Record excerpts:

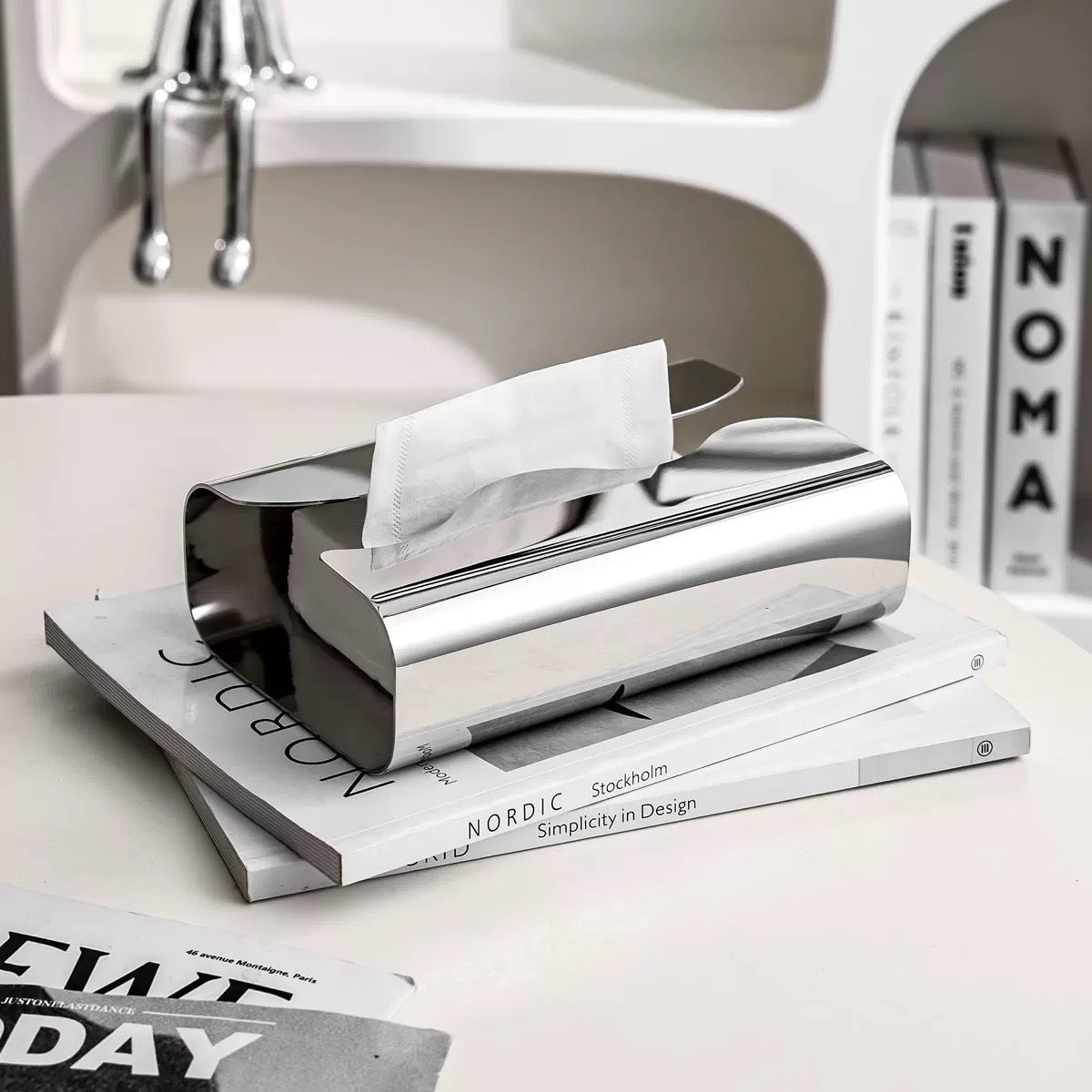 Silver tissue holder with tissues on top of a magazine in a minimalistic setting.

---

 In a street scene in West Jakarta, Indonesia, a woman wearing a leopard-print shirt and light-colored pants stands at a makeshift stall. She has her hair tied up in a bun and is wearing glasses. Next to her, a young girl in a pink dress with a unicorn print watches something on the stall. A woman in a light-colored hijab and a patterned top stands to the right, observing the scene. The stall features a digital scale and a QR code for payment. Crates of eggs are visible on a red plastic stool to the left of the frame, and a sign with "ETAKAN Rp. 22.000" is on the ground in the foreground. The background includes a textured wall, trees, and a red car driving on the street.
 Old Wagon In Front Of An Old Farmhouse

Task instructions: Taking the entries above, print exactly the lines starting at the line with "In a street" and ending at the line with "Old Wagon In Front Of An Old Farmhouse", both included.

Answer:
 In a street scene in West Jakarta, Indonesia, a woman wearing a leopard-print shirt and light-colored pants stands at a makeshift stall. She has her hair tied up in a bun and is wearing glasses. Next to her, a young girl in a pink dress with a unicorn print watches something on the stall. A woman in a light-colored hijab and a patterned top stands to the right, observing the scene. The stall features a digital scale and a QR code for payment. Crates of eggs are visible on a red plastic stool to the left of the frame, and a sign with "ETAKAN Rp. 22.000" is on the ground in the foreground. The background includes a textured wall, trees, and a red car driving on the street.
 Old Wagon In Front Of An Old Farmhouse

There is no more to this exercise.